### Task goal
From the first line to the last, restate the data exactly, leaving out the images.

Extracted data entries
== Segment start ==
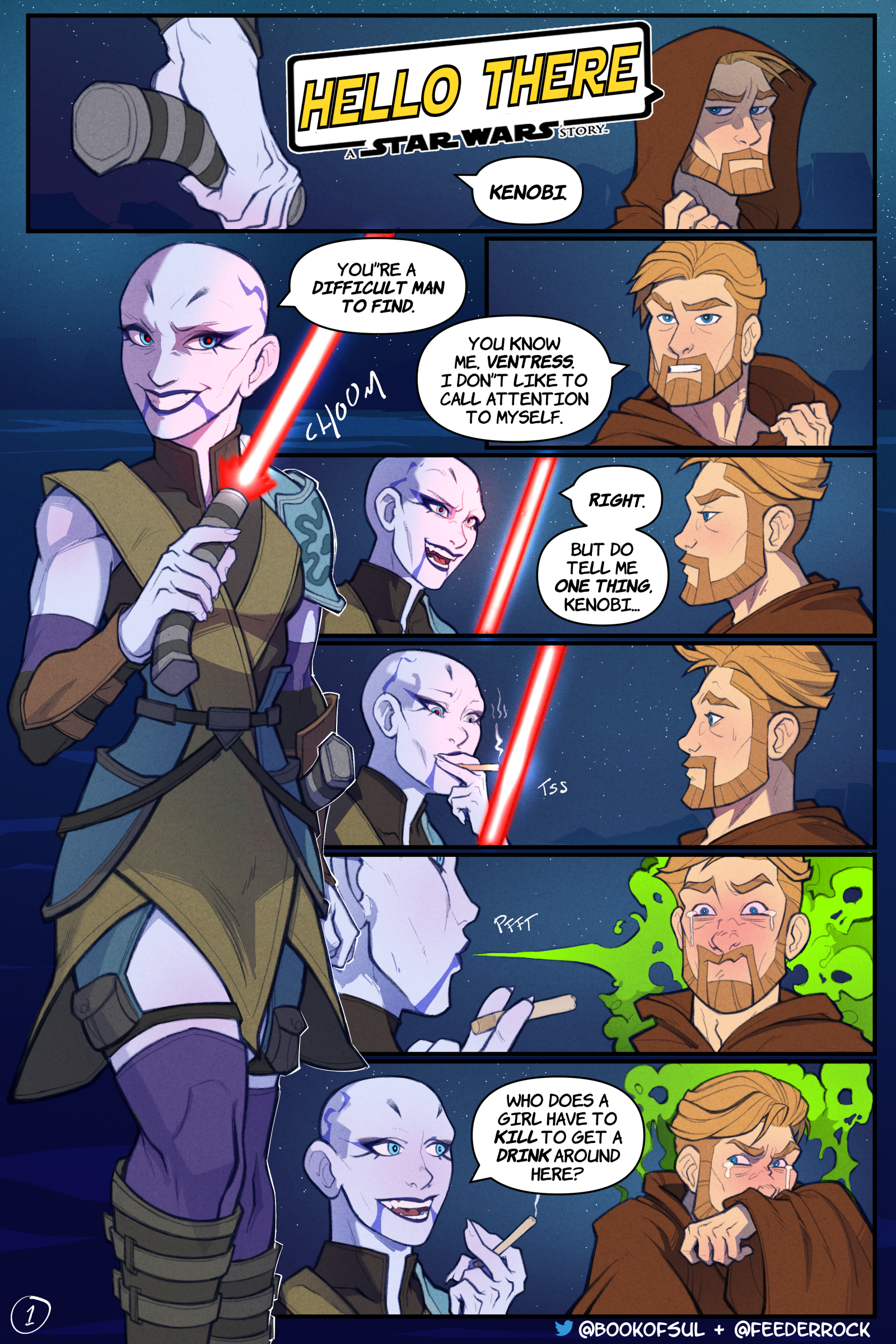 Hello There A Star Wars Story porn comic picture 1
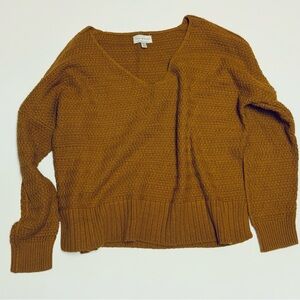 Lucky Brand Women's V-Neck Sweater Women’s Size S - Warm Amber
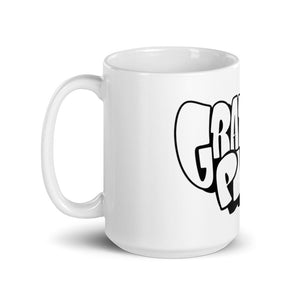 Simon Dee x Graffitipins (Black Lettering) - White Glossy Mug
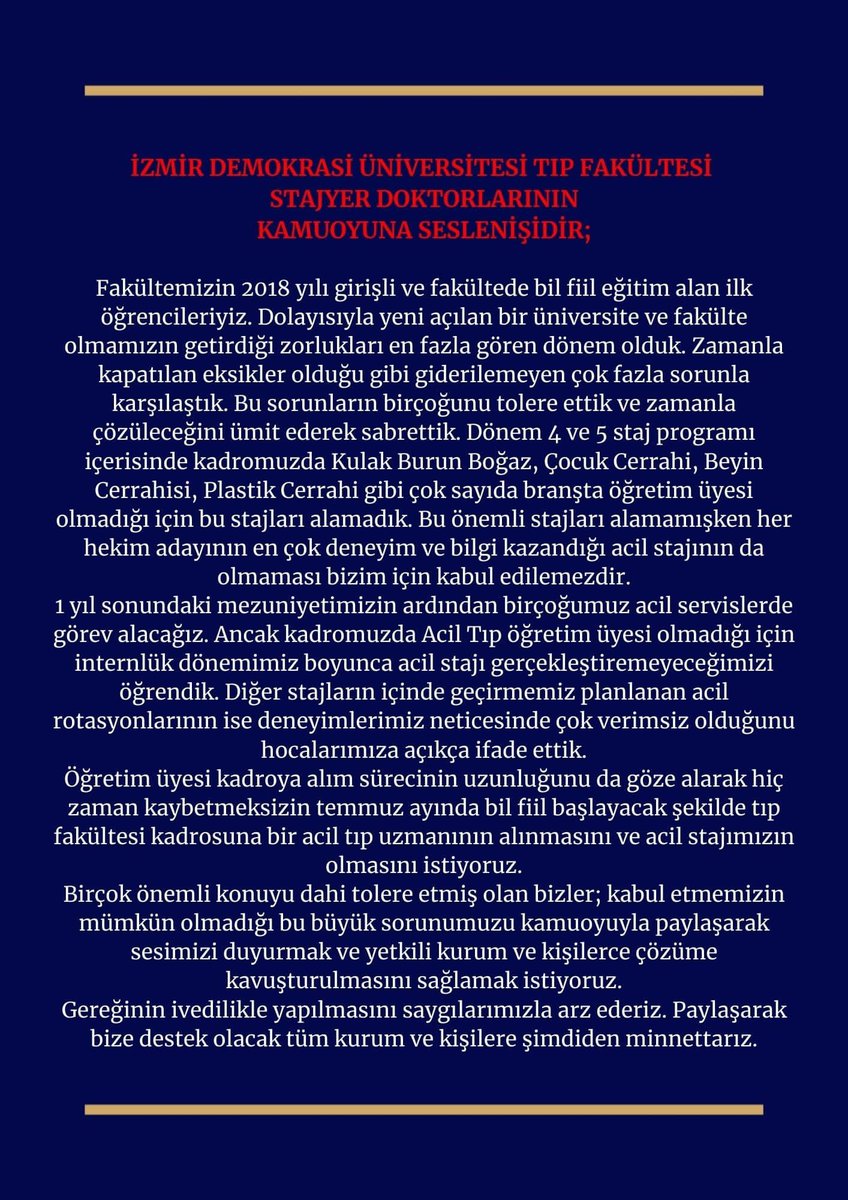 furkanyasakci's tweet photo. #idütıpacilciistiyor #idütıpACİLyardım @izmirdemokrasi1 @tbedriye1 @bernadirimmete @bucasdeah https://t.co/Tbob7sYvD2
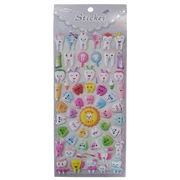 Funny tooth sticker cartoon, 60 pieces, type 3.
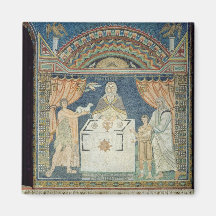 Abraham, Isaac and Melchisedech Refrigerator Magnet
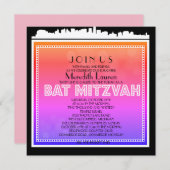 Invitation BAT MITZVAH DE LA VOIE NAVIGABLE CLASSIQUE Invitat (Devant / Derrière)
== Segment end ==
### Answer to this task
 Hello There A Star Wars Story porn comic picture 1
 Lucky Brand Women's V-Neck Sweater Women’s Size S - Warm Amber
 Simon Dee x Graffitipins (Black Lettering) - White Glossy Mug
 furkanyasakci's tweet photo. #idütıpacilciistiyor #idütıpACİLyardım @izmirdemokrasi1 @tbedriye1 @bernadirimmete @bucasdeah https://t.co/Tbob7sYvD2
 Funny tooth sticker cartoon, 60 pieces, type 3.
 Abraham, Isaac and Melchisedech Refrigerator Magnet
 Invitation BAT MITZVAH DE LA VOIE NAVIGABLE CLASSIQUE Invitat (Devant / Derrière)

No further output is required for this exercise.